Площадными категориями называлась классификация игроков по площади поверхности тела. Для крайта эта характеристика была самой важной. Игра осуществлялась на арене виртуальной реальности. Каждый игрок вооружался двумя игровыми пистолетами. Мишени хаотически возникали в разных местах в воздухе над ареной. Попадать в людей было запрещено — игрок, подстреливший другого игрока, немедленно выбывал. Чтобы победить, игроки должны были: своим телом прикрывать мишени, возникшие на их территории, и подставиться под максимальное количество попаданий противника; при этом поразить как можно больше мишеней на территории противника, и не задеть самого противника. Профессиональные игроки высшей категории были огромными людьми, тучными и могучими, при этом умели двигаться с молниеносной скоростью и прыгать вверх на высоту в половину собственного роста.
— Помнишь, как мы болели за команды Южного Ливайда? — спросил Риройф.
— А то. Они же самая близкая к нам аграрная провинция. Пусть и за Экватором, но все равно, что земляки.
— Так вот, считай, что их команд больше нет. После последнего передела у них осталось всего по два-три сильных игрока на каждую площадную категорию.
— Литтаплампские засранцы. Так они…
Тут их перебила Лика.
— Никто не думает, что пора включить освещение? А то я уже ломаю глаза, когда ищу плоды между листьями.
— Лампы с минуты на минуту должен включить автомат, — сказал Хинта. — Хотя вообще-то он запаздывает.
В этот момент что-то произошло. Хинта не сразу понял даже, что именно изменилось. Лампы по-прежнему не горели, последний луч заката касался купола теплицы, вокруг тесными стенами сходилась мягкая зеленая листва. А потом он осознал, что стало тихо. Иджи больше не вибрировал у него под ногами; прекратила мерно шуршать система вентиляции; поток воздуха больше не заставлял шелестеть листву харута. Исчез даже тот тихий, едва уловимый писк, который раньше всегда доносился из щитка распределения энергии.
— Странно, — сказал Хинта. Его замечание одиноко прозвучало в онемевшей атмосфере теплицы. Он сел на корточки, глянул вниз — локаторы Иджи безвольно сникли, как будто робоослик был полностью отключен. Хинта дотянулся до стальной морды, помахал перед ней ладонью. Раньше ослик всегда отвечал на подобные жесты недовольным отрицательным сигналом. Сейчас он молчал и стоял на месте, как влитой.
— У меня, кажется, сломалась маска, — сказала Лика. — Больше нет подачи кислорода.
— Одновременно с Иджи? — спросил Риройф. — Что-то тут не так.
Хинта соображал намного быстрее взрослых.

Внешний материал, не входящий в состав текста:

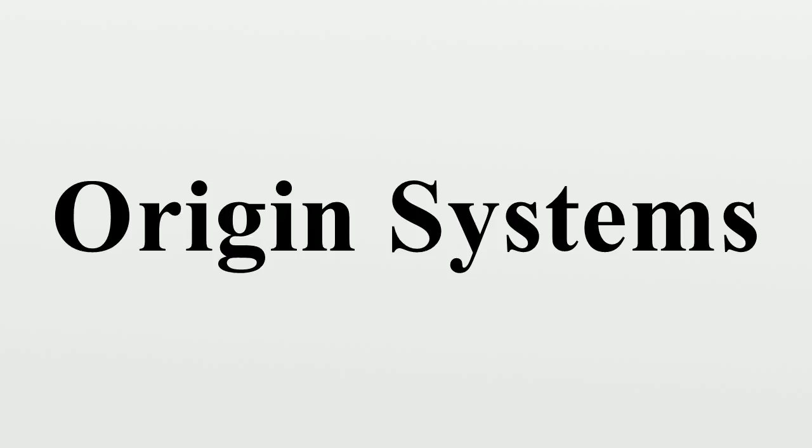Richard Garriott, co-founder, game designer, and programmer aka Lord British, creator of Ultima, later founded Destination Games. Acquired by NCSoft.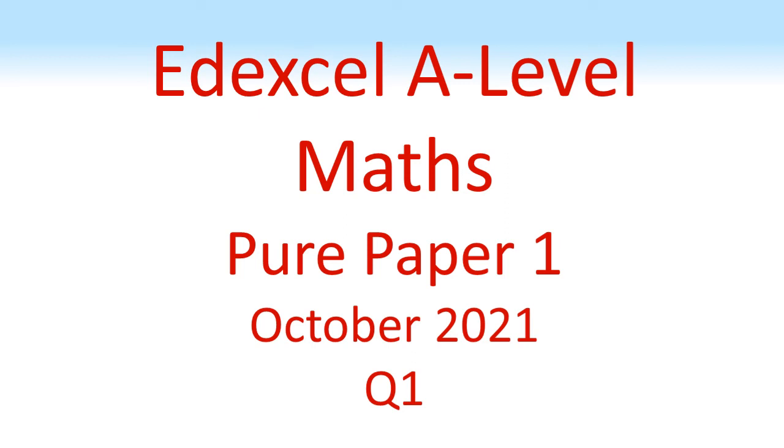Edexcel A-Level Maths Pure Paper 1, October 2021, Question 1.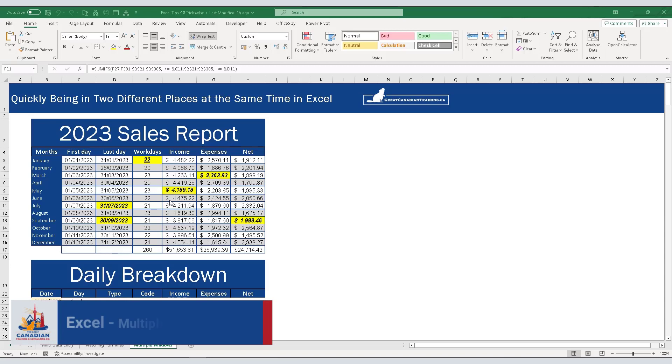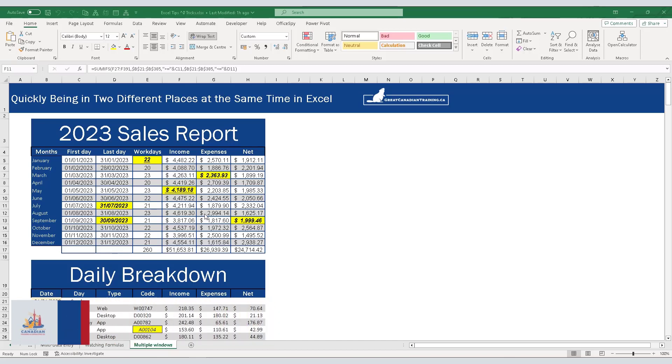When you're working with large amounts of data, it's sometimes useful to be in two places at the same time. This is done quite quickly in Excel by means of the view window. We're going to show you how to very quickly look at the same documents in two different places.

— Все не так. У нас не работает ни один прибор, включая систему очистки воздуха всей теплицы.
— Мы можем отравиться? — испугалась Лика.
— Нет, тендра-газ сюда не попадет. Но через пару дней атмосфера в закрытом пространстве стухнет.
— Давайте сойдем вниз, — сказал Риройф. — Не вижу больше смысла собирать харут.
Они спустились и все впятером пошли к распределительным щиткам и шлюзу. Лика придерживала Ашайту за плечи. Тот вел себя необычайно тихо. Хинта не видел его лица в полутьме, но почему-то вдруг обеспокоился.
— С младшим все в порядке?
— Он просто объелся харута, — шепотом отозвалась Лика. — Что ему наши проблемы.
— Не заставляй ее говорить, — сердито сказал Атипа. — Без маски ей нужно дышать медленно и ровно.
Они дошли до шлюза и остановились. На приборных щитках не моргал ни один огонек. Отраженный свет заката умирал, покидая купол, оставляя людей в сгущающейся полутьме.
— Дела, — констатировал Риройф.
— Не понимаю, почему перестало работать все сразу, — сказал Атипа. — Обычно вещи ломаются по очереди. — Он потянул с вешалки комбинезон своего полускафандра и вывернул его так, чтобы все видели бокс коммуникатора. Коммуникатор был мертв и не включался.
— Как после посадки аккумулятора, — сказал Хинта. — Только я уверен, что у всех наших скафандров заряд в порядке.